Solar technology is being embraced worldwide; and in almost every case the resurgence in interest is directly linked to government policy.
One enthusiastic supporter of the technology is Japan. As a territory not exactly known for its mineral wealth and also hamstrung by factors that put hydro and wind power out of contention for renewable power sources, the enthusiasm with which the tiny nation has greeted solar technology should come as no surprise.
The oil crisis of the 1970’s provided the initial impetus, certainly since the seventies the nation has been intent on increasing its energy self-sufficiency. Indeed it was in 1974, hard on the heels of the first oil crisis of 1973 that the Sunshine Project, a government initiative tasked with conducting research into making the country energy self-sufficient, was set up.
Subsequent government-provided subsidies for residential solar units stimulated the market further. According to a report from the Solar Electric Power Association (SEPA) it was these changes in federal policy that really led to the Japanese embrace of the PV market.The report Policy Changes Trigger Resurgence of Japan’s Solar Market, points to the program of subsidies that commenced in the mid-1990s and ran until 2006 as driving the nation’s embrace of solar power.
Japan has more recently introduced another government measure set to drive further domestic investment – the program contributes to the cost of solar systems to the tune of 70,000 yen per 1 kW up to about 650, 000 yen, and has been in effect from the start of 2009.
Around the time the Japanese enthusiasm for solar was on the wane, the European markets took up the slack, also as a result of a change in government policy. Feed-in tariffs (FIT) accelerated investment in solar power by way of guaranteeing the purchase of any extra electricity produced, thus paying homeowners and business for excess energy.
There is no doubt that Europe leads the world in installed capacity with, according to a 2012 report from the European Photovoltaic Industry Association, about 75 per cent of global solar photovoltaic capacity.
The European Union‘s target of sourcing a fifth of its energy from renewables has already seen that target met and even passed in several EU member countries — in fact some by some estimates the entire area is well ahead of schedule in achieving this goal and is likely to be getting more than a third of its electricity from renewables by the end of the decade. The lion’s share of this is solar.
According to a United Nations report released in 2012, investment in solar energy leapt to $147 billion in 2011, a year to year increase of more than 50 per cent, and much of that was due to swelling demand for rooftop installation from Germany, Italy and Britain.
Smaller Central and Eastern European markets are also experiencing an uptick in adoption of solar technology due to government support. Ukraine provides a good example, with the stated intention of generating 30 per cent of its energy from renewable sources by the target date of 2015 — an ambition, which, if reached, will triple the level of 2010.

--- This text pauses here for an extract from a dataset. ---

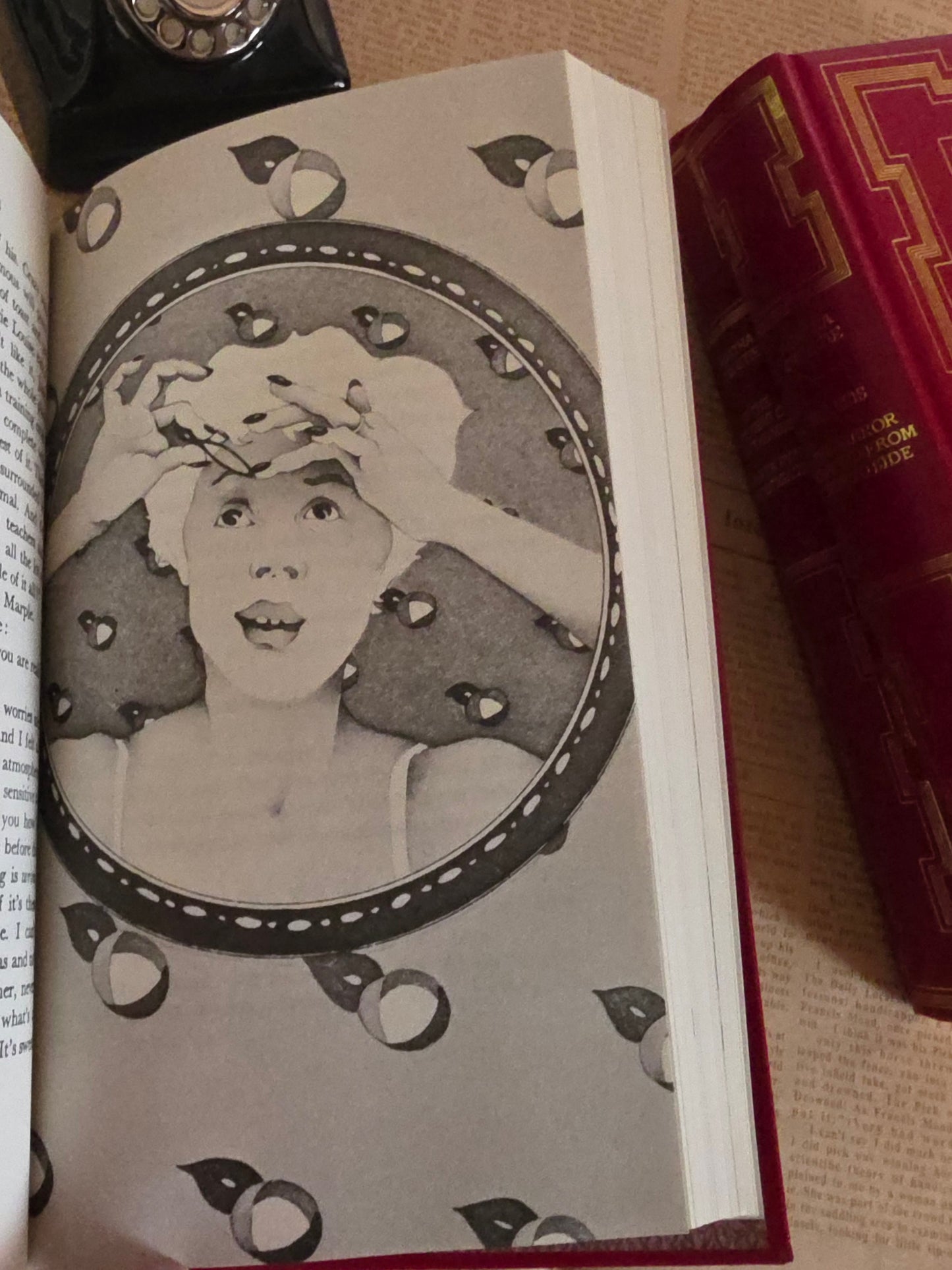 1970s Agatha Christie Collected Works Hardback Books (3 Volumes)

Meanwhile, the uptake of solar capacity in the United States for the first three quarters of 2012 alone has already overtaken the corresponding total for 2011 in its entirety. Solar installations spiked by 44 per cent in the third quarter alone according to figures from the Solar Energy Industries Association (SEIA) and GTM Research. The US, not usually a prime market for solar, now has more than 5.9 gigawatts (GW) of solar PV generating electricity across the country and another 500 MW of concentrating solar; figures which bring the total number of households on the receiving end to about a million. The lion’s share of this growth (684 MW in the third quarter alone) can be attributed to small residential PV installation and on-site commercial systems. Expectations for Q4, unavailable as of this writing, are even higher, with more than 1.2 GW of PV forecast for installation next quarter as developers scrabble to meet year-end deadlines. Certainly Q4 historically provides the lion’s share of installations — in 2010 the figure for final quarter installations was 41 per cent, in 2011 the corresponding figure was slightly higher, at 42 per cent. Should that trend be borne out in the final quarter of the current year, Q4 2012 would be the best quarter for the American solar PV market on record. “We expect to see the residential PV market post another record number in Q4,” says Shayle Kann, vice president of research at GTM, “as third party residential installers gain more traction in mature, cost-effective markets.”
The influence of government policy cannot be understated, particularly in connection with feed-in-tariffs. The knock-on effect of both the provision and the revocation of this policy initiative becomes evident in short order.
According to the Bloomberg New Energy Finance’s Global Trends in Renewable Energy Investment 2011, the most recent figures available, Spain’s investment in renewables across the board dropped by more than half as the impact of governmental policy took hold. The policy changes, cuts to the solar feed-in-tariff, depressed the market even when word of them first appeared as rumour several months prior to introduction.
Conversely, as noted in the same report, the introduction of a feed-in-tariff scheme in the United Kingdom resulted in a spike in interest, accounting for 45MW of new solar capacity being installed between the introduction of the scheme in April and year’s end.